Qui achète donc les biens et services produits par la Chine ? Eh bien nous faisons partie de la réponse. Alors que la part du consommateur dans l’économie a décliné, la Chine s’est appuyée de plus en plus sur des excédents commerciaux pour maintenir ses entreprises à flot. Mais du point de vue de la Chine, ce sont les dépenses d’investissement qui comptent le plus, et elles ont augmenté jusqu’à représenter presque la moitié du PIB,.

La question évidente est la suivante : avec une demande des consommateurs relativement faible, qu’est-ce qui a motivé tout cet investissement ? Dans une large mesure, la réponse tient au fait qu’elle était tributaire d’une bulle immobilière en constante inflation. La part des investissements immobiliers dans le PIB a doublé depuis 2000, expliquant directement plus de la moitié de la croissance globale des investissements. Et le reste de la croissance était certainement dû aux entreprises en expansion vendant aux entreprises florissantes du bâtiment.

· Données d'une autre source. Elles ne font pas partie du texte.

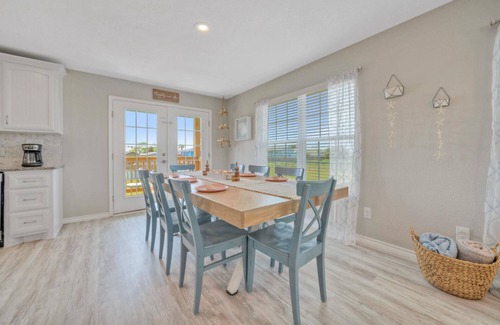 Old Town House | Private Pool, Free Golf Cart, 3 Blocks to Town! | Tequila Tides by AvantStay
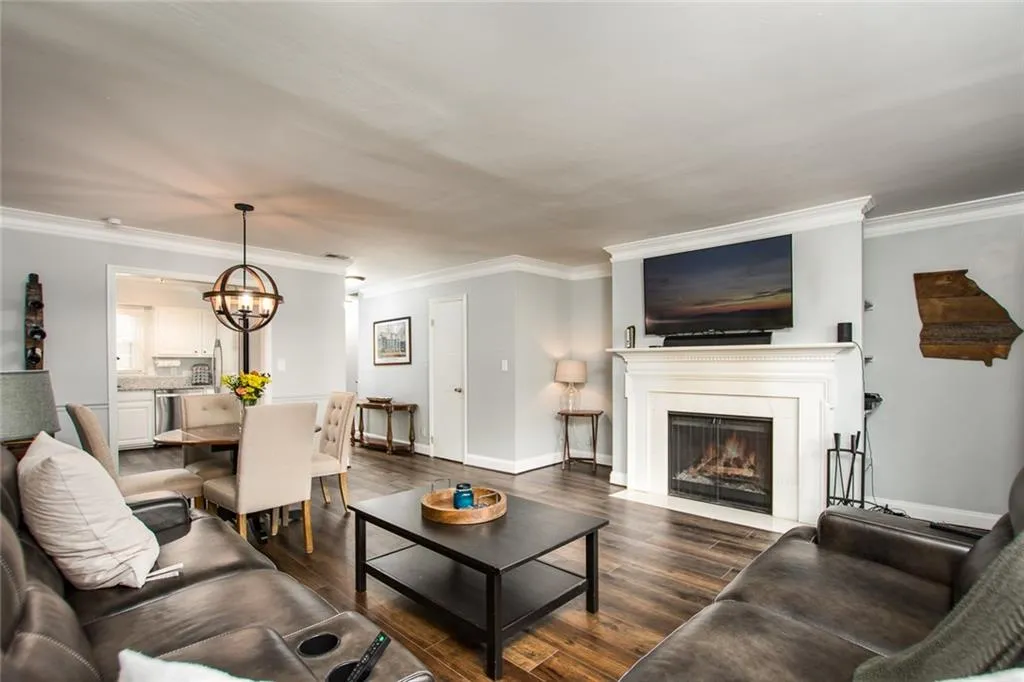 6700 Roswell Road Unit 21c, Sandy Springs, Georgia 30328, 2 Bedrooms Bedrooms, ,1 BathroomBathrooms,Residential,Sold,6700 Roswell Road Unit 21c,6066486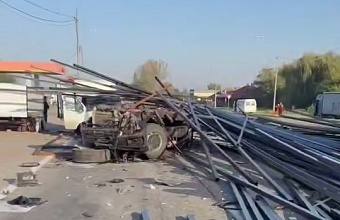 В Армавире в ДТП столкнулись шесть автомобилей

Savons-nous vraiment si l’immobilier a créé une bulle ? Il en montrait tous les signes : pas seulement des prix à la hausse, mais également cette sorte de fièvre spéculative qui nous semble bien familière – pensons juste à la côte de la Floride il y a quelques années.

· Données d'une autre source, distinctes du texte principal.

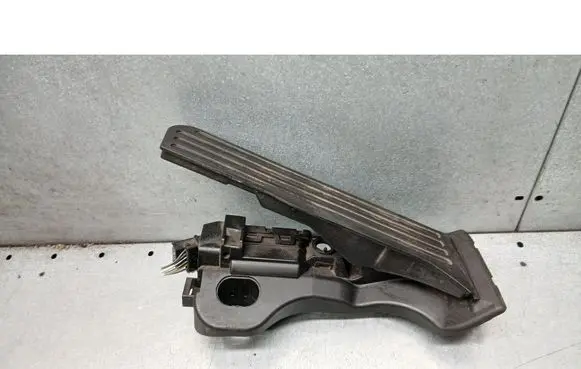 Volkswagen PASSAT B6 Accelerator pedal position sensor 1K1721503L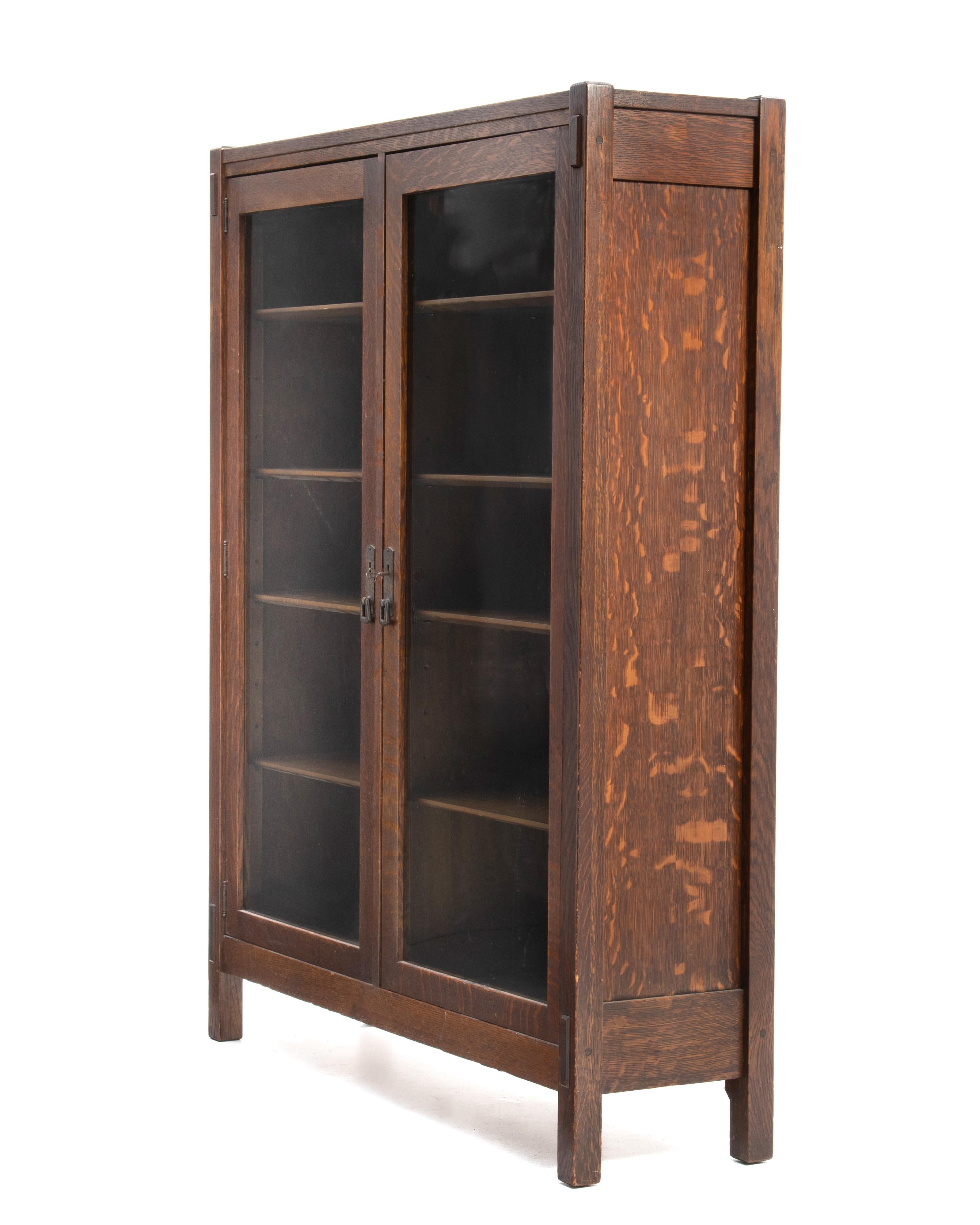Américain Lifetime Arts & Crafts Mission Oak Bookcase Pegged Through Tenon Original Finish (Bibliothèque en chêne à tenons et mortaises) en vente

Il y avait également un autre parallèle avec l’expérience vécue par les Etats-Unis : alors que le crédit était en plein boom, une grande part n’est pas venue des banques mais d’un système bancaire parallèle, non supervisé et non protégé. Si l’on entre dans les détails, on trouve d’importantes différences : le système bancaire parallèle à l’américaine a eu tendance à impliquer des entreprises prestigieuses de Wall Street et des instruments financiers complexes, alors que la version chinoise a tendance à se tourner vers un système bancaire clandestin, voire des prêteurs sur gages. Les conséquences sont cependant similaires : en Chine comme en Amérique il y a quelques années, le système financier pourrait être bien plus vulnérable que ce que les chiffres du système bancaire conventionnel ne révèlent.

Aujourd’hui, la bulle éclate clairement. Quels dégâts cela va-t-il causer à l’économie chinoise et mondiale ?

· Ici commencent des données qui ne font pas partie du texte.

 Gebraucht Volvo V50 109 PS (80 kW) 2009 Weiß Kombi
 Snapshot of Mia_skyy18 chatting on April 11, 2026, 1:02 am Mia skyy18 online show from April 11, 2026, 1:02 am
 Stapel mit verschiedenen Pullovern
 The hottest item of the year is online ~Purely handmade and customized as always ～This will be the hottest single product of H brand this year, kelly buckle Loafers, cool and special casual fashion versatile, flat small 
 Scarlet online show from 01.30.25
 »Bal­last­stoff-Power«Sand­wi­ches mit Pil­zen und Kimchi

Certains experts disent de ne pas s’inquiéter, que la Chine est dirigée par des personnes fortes et intelligentes qui feront ce qu’il faut pour gérer une récession. On ne dit pas souvent clairement ce qui est sous-entendu ici, à savoir que la Chine peut faire ce qu’elle a à faire car elle n’a pas à se préoccuper de subtilités démocratiques.

Ces propos résonnent cependant à mes oreilles comme des dernières paroles célèbres. Après, tout, je me souviens parfaitement avoir été rassuré de la sorte par le Japon dans les années 1980, là où les brillants bureaucrates du Ministères des Finances avaient soi-disant tout sous contrôle. Et plus tard, avoir entendu les mêmes propos rassurants sur l’Amérique qui ne répèterait jamais, jamais les mêmes erreurs que celles qui avaient conduit le Japon à vivre sa décennie perdue – alors que nous sommes, en réalité, en train de faire pire que le Japon à l’époque.

Quoi qu’il en soit, les affirmations des autorités chinoises à propos de leur politique économique ne me frappent pas comme étant particulièrement empreintes de lucidité. La façon, en particulier, dont la Chine s’en est violemment prise aux étrangers – en imposant, entre autres choses un tarif douanier très sévère sur les importations américaines – elle a fabriqué des voitures qui n’aideront en rien son économie mais qui vont empoisonner les relations commerciales, tout cela ne donne pas l’impression d’être face à un gouvernement qui sait ce qu’il fait.

Des faits anecdotiques suggèrent que tandis que le gouvernement chinois n’est pas contraint par l’Etat de droit, il est contraint par une corruption omniprésente, ce qui veut dire que ce qui se passe réellement au niveau local pourrait ne pas ressembler à ce qui est ordonné à Pékin.

J’espère être inutilement alarmiste. Mais il est impossible de ne pas être inquiet : l’histoire de la Chine ressemble trop aux effondrements que l’on a vus ailleurs. Et notre économie mondiale, qui souffre déjà de la situation chaotique en Europe n’a vraiment, vraiment pas besoin d’un nouvel épicentre de crise.